On 21 October 2014 at 17:55, Greg Bellows <address@hidden> wrote:
> From: Fabian Aggeler <address@hidden>
>
> Make arm_current_el() return EL3 for secure PL1 and monitor mode.
> Increase MMU modes since mmu_index is directly inferred from arm_
> current_el(). Change assertion in arm_el_is_aa64() to allow EL3.

> -#define NB_MMU_MODES 2
> +#define NB_MMU_MODES 4

So this turns out not to quite be what we want.
A QEMU MMU mode index basically defines a (vaddr -> paddr,permissions)
mapping. This is similar to the ARM ARM concept of a "translation
regime", with the differences that:
 * the ARM ARM translation regimes may have split permissions,
   for user and privileged code, so we need two mmu_idx values
   for a translation regime that applies to both EL0 and EL1
 * stage 1 and stage 2 translations for a VA->IPA->PA lookup
   for an EL1/EL0 hypervisor guest are two different translation
   regimes, but for QEMU we can just cache the whole VA->PA
   and use a single mmu_idx. [We only need to separately do
   VA->IPA and IPA->VA for the "do this address translation"
   system instructions, which don't need to touch the TLB;
   a combined stage1+stage2 TLB is permitted by the architecture.]

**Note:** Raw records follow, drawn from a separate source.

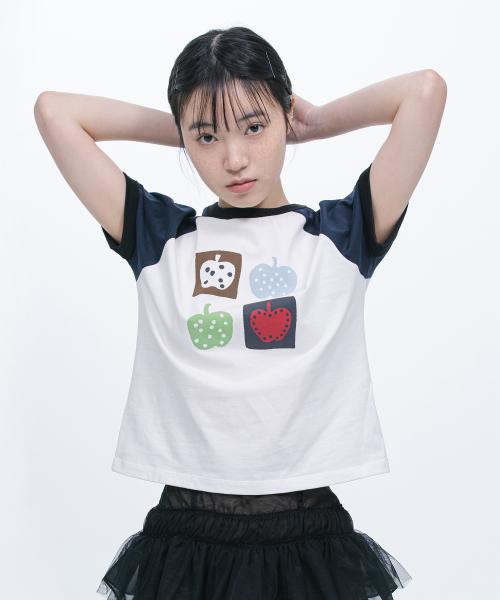 오헤시오(OHESHIO)  APPLE RAGLAN T-SHIRT, WHITE - 사이즈 & 후기 | 무신사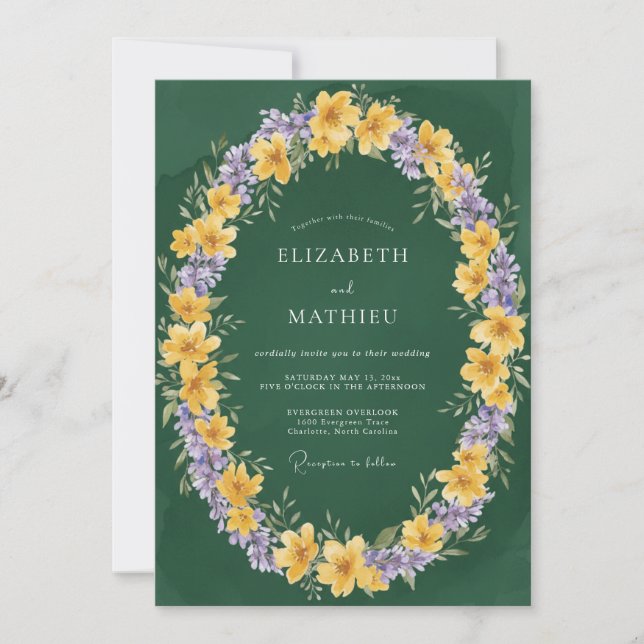 Invitation Mariage Printanier Brillant Vert Émeraude (Devant)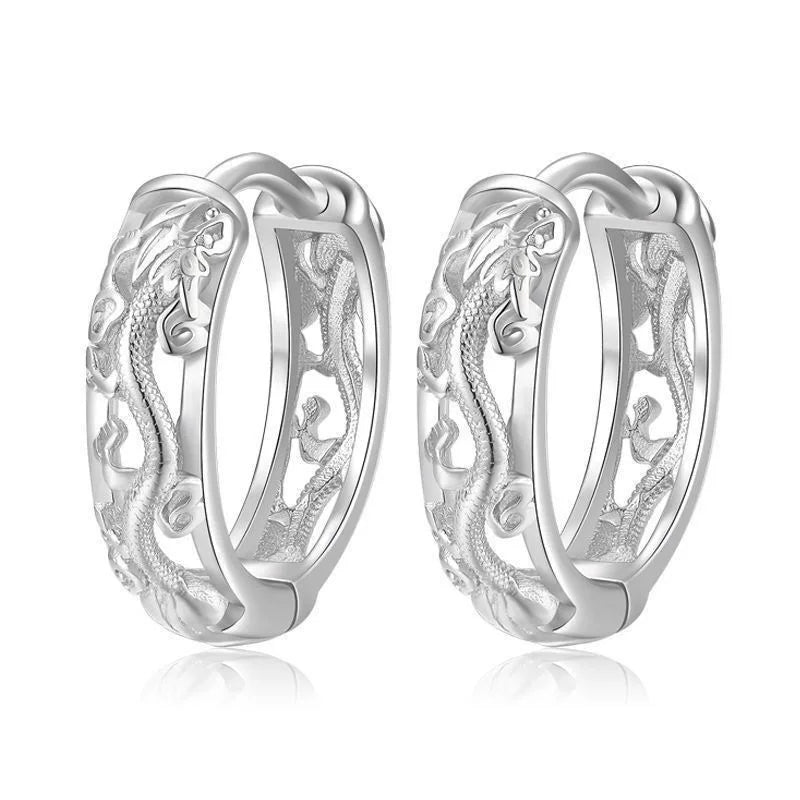 Sterling Silver Dragon Stud Earrings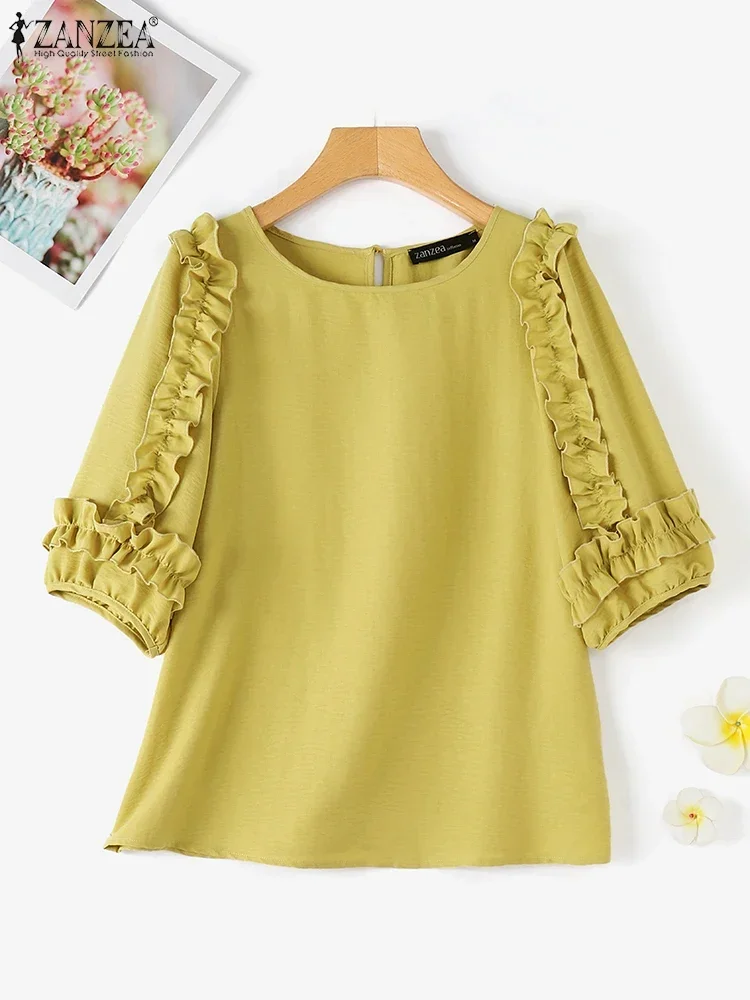 ZANZEA ผู้หญิง Ruffled เสื้อ 2025 ฤดูร้อน 3/4 แขนยาวเสื้อเกาหลีแฟชั่นรอบคอ Tunics Casual หลวม Blusas Femme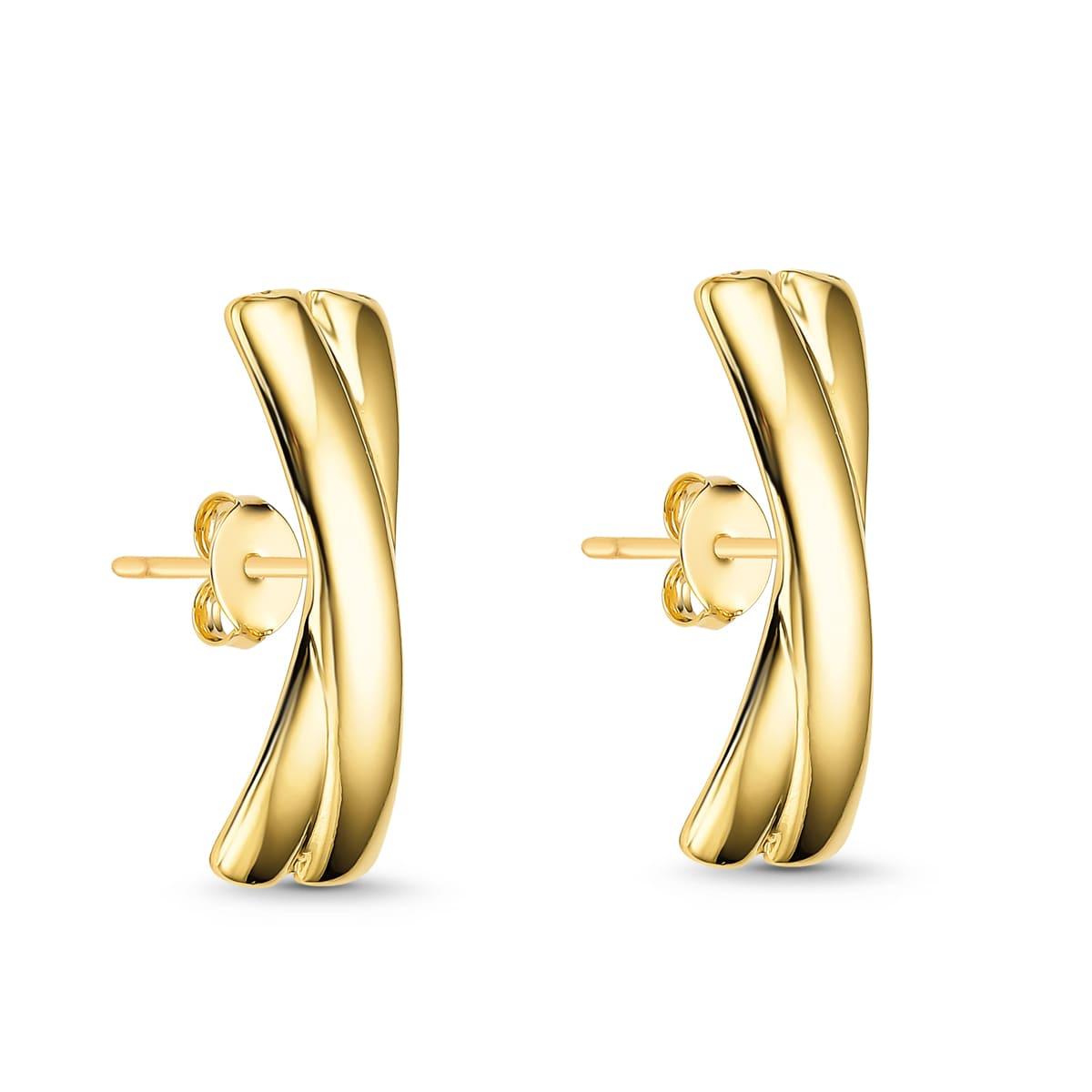 Brinco Ear Hook Cruzado Banhado a Ouro 18k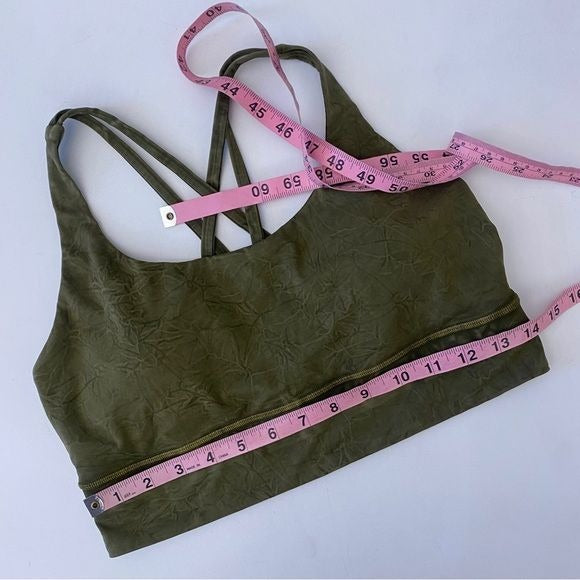 Lululemon || Energy Bra Long Line Ice Dye Medium Support B–D Cup Moss Green 10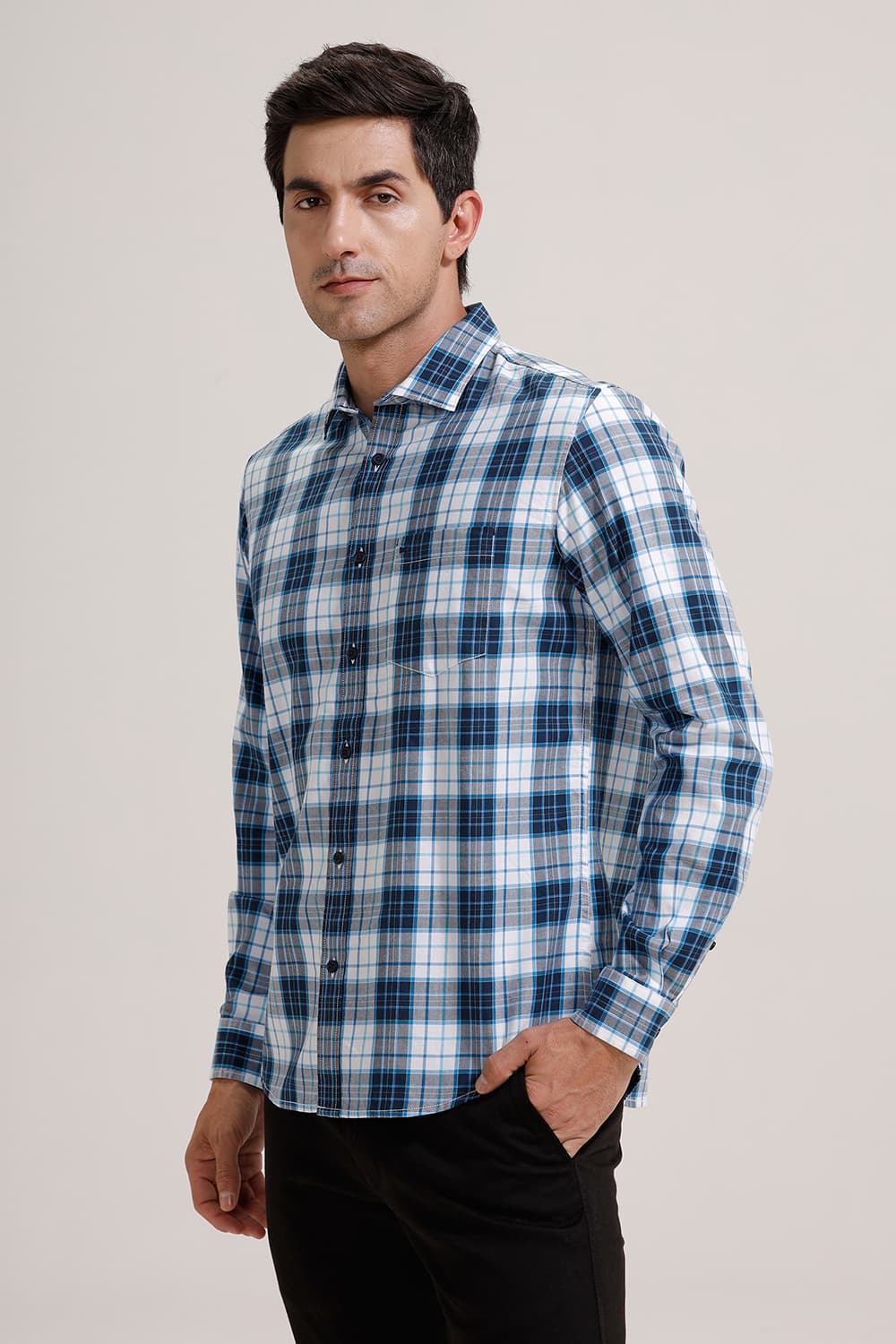SLIM FIT TWILL CHECKS SHIRT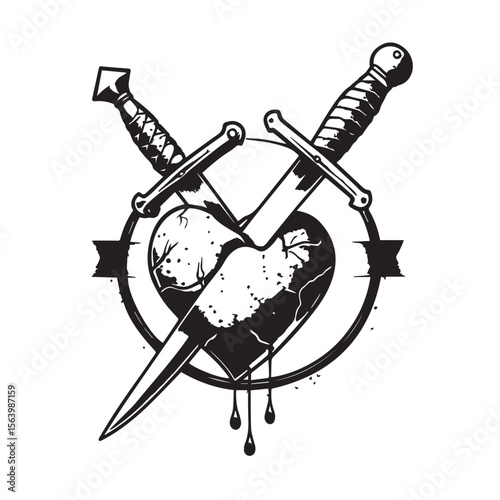 A cracked heart pierced by two daggers, dripping blood and surrounded by a ribbon, isolated on white background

The translation regimes are:

If EL3 is 64-bit:
 * Secure EL3
 * Secure EL1 & EL0
 * NonSecure EL2
 * NonSecure EL1 & 0 stage 1
 * NonSecure EL1 & 0 stage 2
If EL3 is 32-bit:
 * Secure PL0 & PL1
 * NonSecure PL2
 * NonSecure PL1 & 0 stage 1
 * NonSecure PL1 & 0 stage 2
(reminder: for 32 bit EL3, Secure PL1 is *EL3*, not EL1.)

which we can give the following mmu indexes:

64 bit EL3:
 0 : NS EL0 stage 1+2
 1 : NS EL1 stage 1+2
 2 : NS EL2
 3 : S EL3
 4 : S EL0
 5 : S EL1

32 bit EL3:
 0 : NS EL0 (aka NS PL0) stage 1+2
 1 : NS EL1 (aka NS PL1) stage 1+2
 2 : NS EL2 (aka NS PL2)
 3 : S EL3 (aka S PL1)
 4 : S EL0 (aka S PL0)

Notice how they end up being the same, except that with a
64 bit EL3 we need an extra mmu index that 32 bit doesn't have.
They aren't simply "what is our current EL?", though as you
can see I've put them in an order that comes close.